Task objective. Repeat the records in full and exactly, omitting pictures.

Data to process.

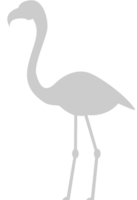 flamingo vektor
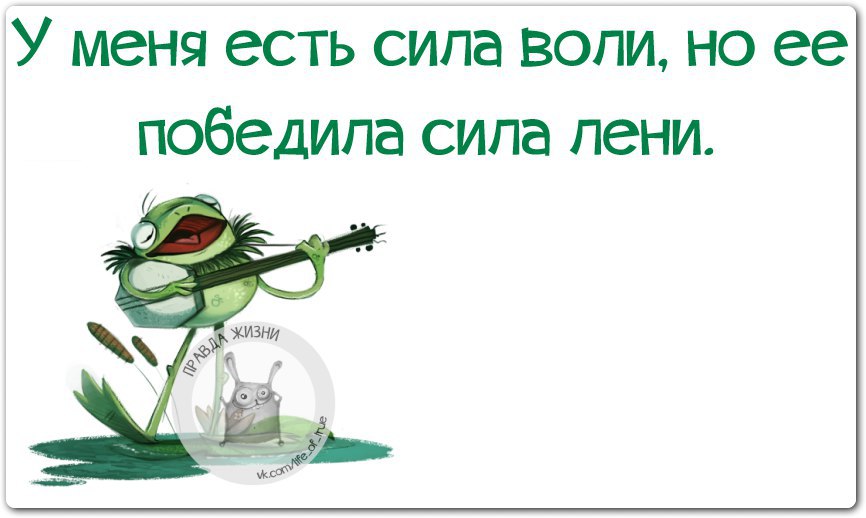   - 21  2016  13:46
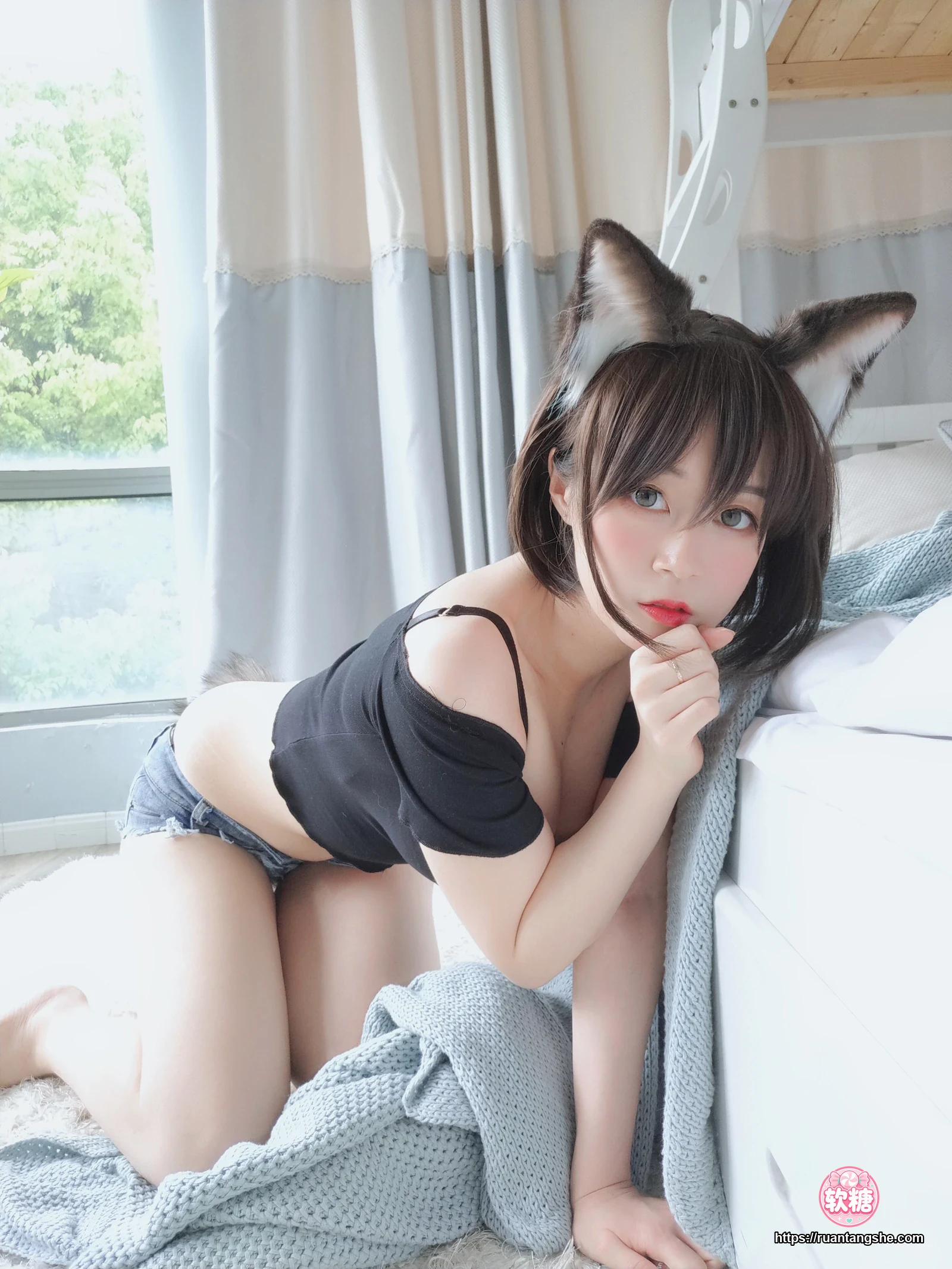 白银81 白银81 NO.004 - 布偶猫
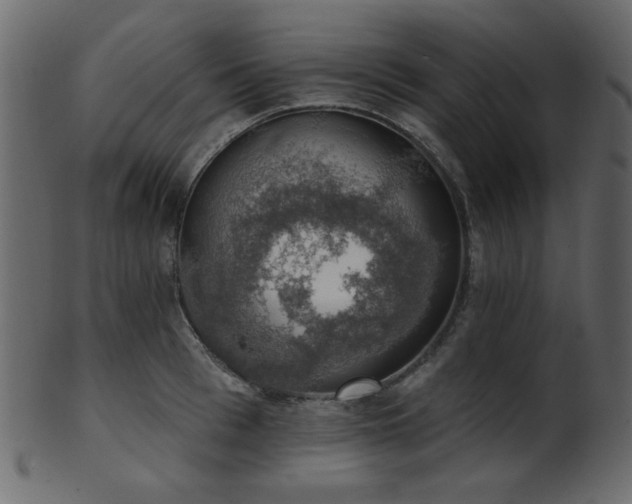 X0000101980993200807181121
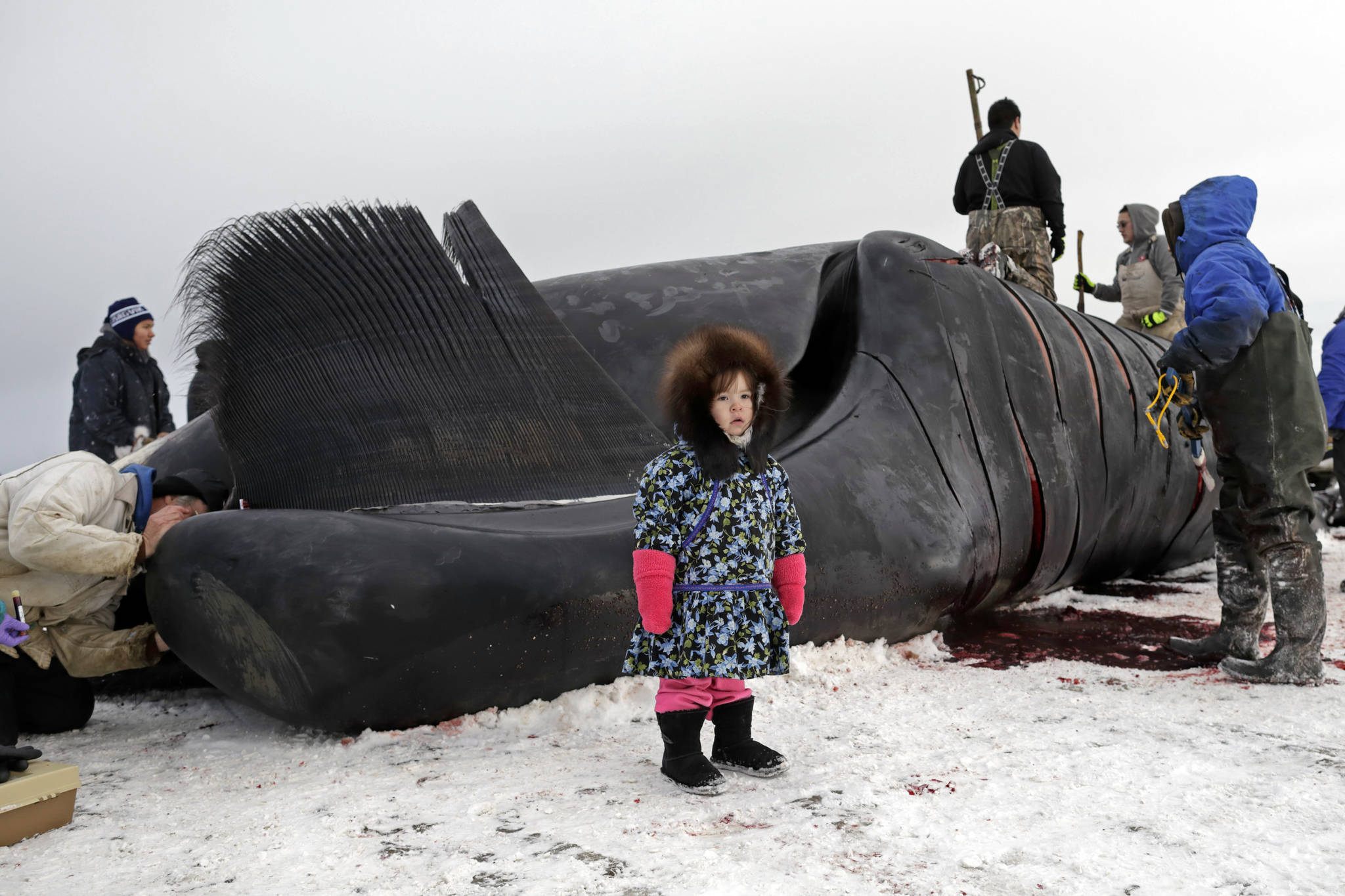 Officials eye annual Alaska whaling quotas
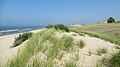 Ludington State Park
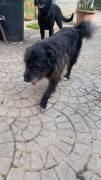 Barbetto spinone
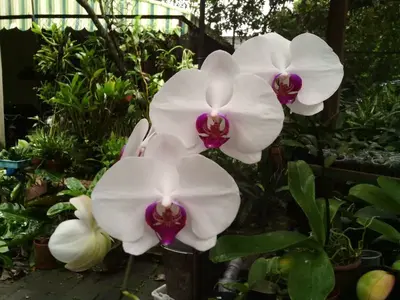 image-1469721031.webp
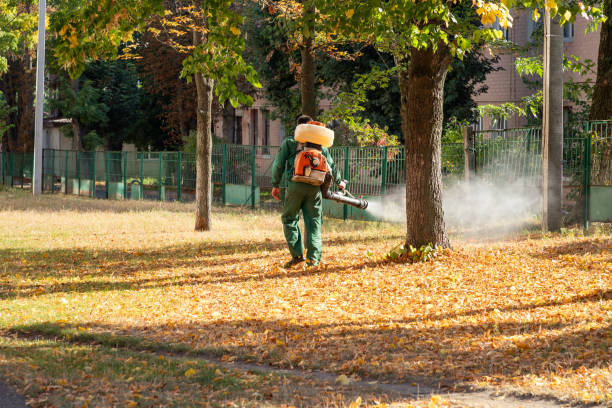 Best Pest Removal Services  in Friedens, PA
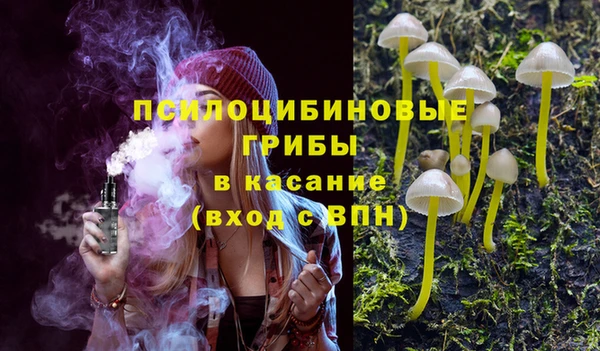 прущие грибы Медвежьегорск
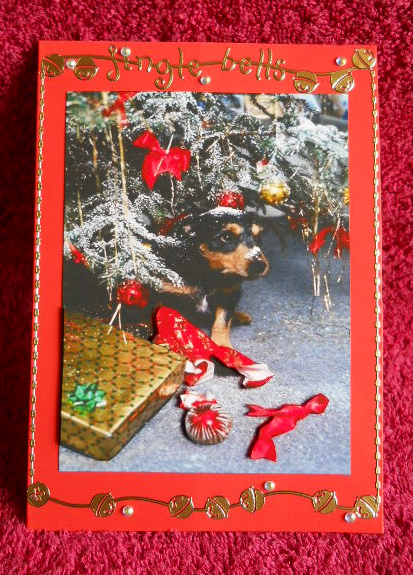 A4 What Have You Done ? by Gail Pennycuick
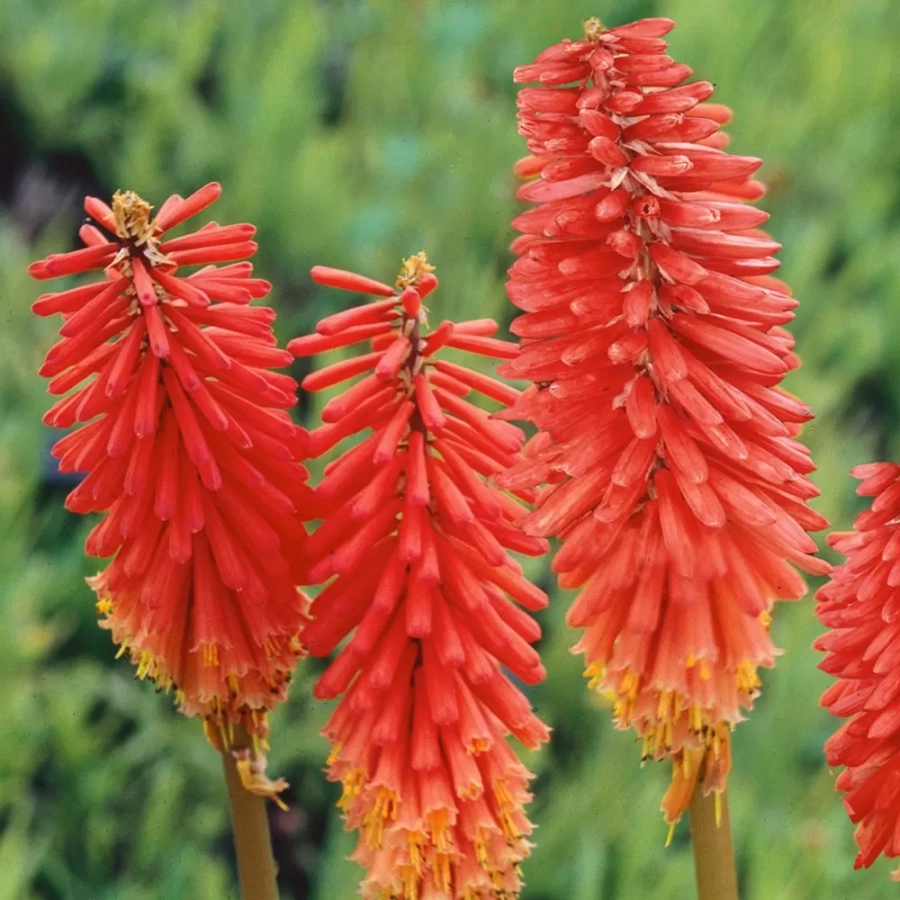 Kniphofia Red 1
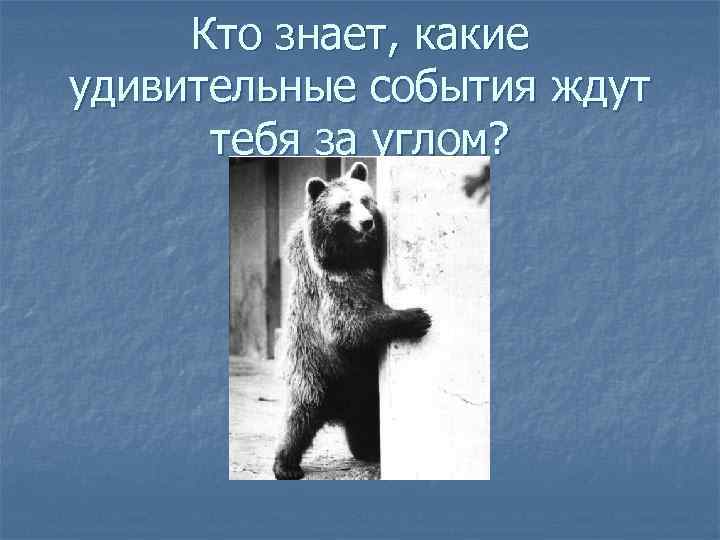 Кто знает, какие удивительные события ждут тебя за углом?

The completed task.
 flamingo vektor
   - 21  2016  13:46
 白银81 白银81 NO.004 - 布偶猫
 X0000101980993200807181121
 Officials eye annual Alaska whaling quotas
 Ludington State Park
 Barbetto spinone
 image-1469721031.webp
 Best Pest Removal Services  in Friedens, PA
 прущие грибы Медвежьегорск
 A4 What Have You Done ? by Gail Pennycuick
 Kniphofia Red 1
 Кто знает, какие удивительные события ждут тебя за углом?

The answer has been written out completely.